Library of Congress Cataloging‐in‐Publication Data
Names: Ohri, (Ajay), author.Title: SAS for R users : a book for data scientists / Ajay Ohri.Description: First edition. | Hoboken, NJ : John Wiley & Sons, Inc., 2020. | Includes bibliographical references and index.Identifiers: LCCN 2019021408 (print) | ISBN 9781119256410 (pbk.)Subjects: LCSH: SAS (Computer program language) | R (Computer program language) | Statistics–Data processing.Classification: LCC QA76.73.S27 O44 2020 (print) | LCC QA76.73.S27 (ebook) | DDC 005.5/5–dc23LC record available at https://lccn.loc.gov/2019021408LC ebook record available at https://lccn.loc.gov/2019980765
Cover Design: WileyCover Image: © DmitriyRazinkov/Shutterstock
This book is dedicated to my students and my family, my son Kush Ohri, members of my church, and my God Jesus Christ.
I would like to thank the generosity of the SAS Institute and its employees to provide SAS On Demand for Academics for free without whom this book would not exist. In addition, I also want to thank the baristas from Starbucks Gurgaon. These are the people who downvote my questions on Stackoverflow. You inspire me guys.
SAS for R users is aimed at entry‐level data scientists. It is not aimed at researchers in academia nor is it aimed at high‐ end data scientists working on Big Data, deep learning, or machine learning. In short, it is merely aimed at human learning business analytics (or data science as it is now called).

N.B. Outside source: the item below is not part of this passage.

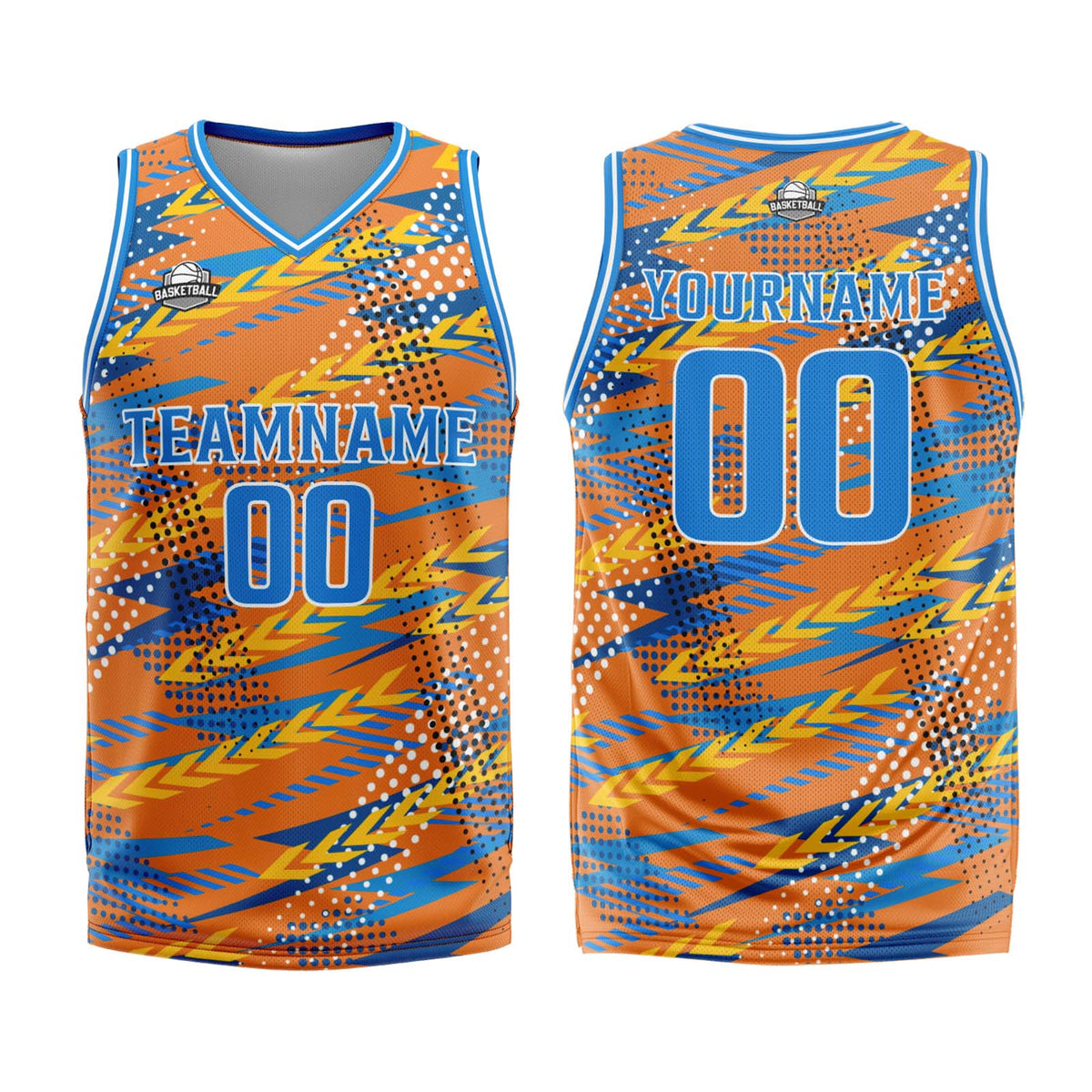 Uniforme de baloncesto personalizado naranja y azul con tu logotipo-nombre y número impresos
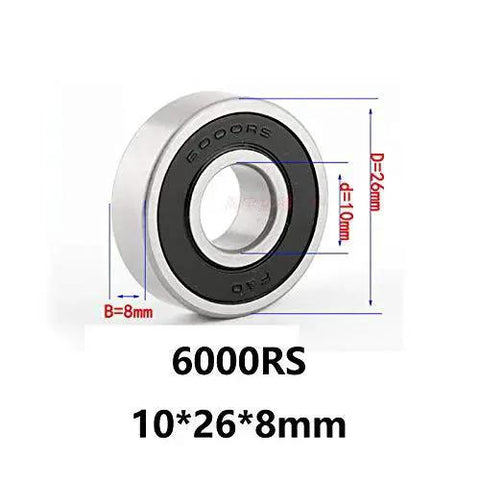 10 Pack 6000-2RS ABEC-5 Deep Groove Ball Bearings Rubber Shielded 0.39 In x 1 In x 0.31 In, shown with dimensions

Both SAS and R are widely used languages and yet both are very different. SAS is a programming language that was designed in the 1960s which is broadly divided into Data Steps and a wide variety of Procedure or PROC steps, while R is an object oriented, mostly functional, language designed in the 1990s.
There are many, many books covering either but only very few books covering both.
Why then write the book? After all, I have written two books on R, and one on Python for R. SAS language remains the most widely used language in enterprises, contributing directly to the brand name, and profitability of one of the largest private software companies that invests hugely in its own research instead of borrowing research in the name of open source. A statistics student knowing Python (esp Machine Learning ML), R, SAS, Big Data (esp Spark ML), Data Visualization (using Tableau) is a mythical unicorn unavailable to recruiters who often have to settle for a few of these skills and then train them in house.
As a teacher, I want my students to have jobs – there is no ideological tilt to open source or any company here. The probability of students getting jobs from campus greatly increases if they know BOTH SAS and R not just one of them. That is why this book has been written.
This book is designed for professionals and students; people who want to enter data science and who have a coding background with some basics of statistical information. It is not aimed at researchers or people who like giraffes and do not read the book from the beginning.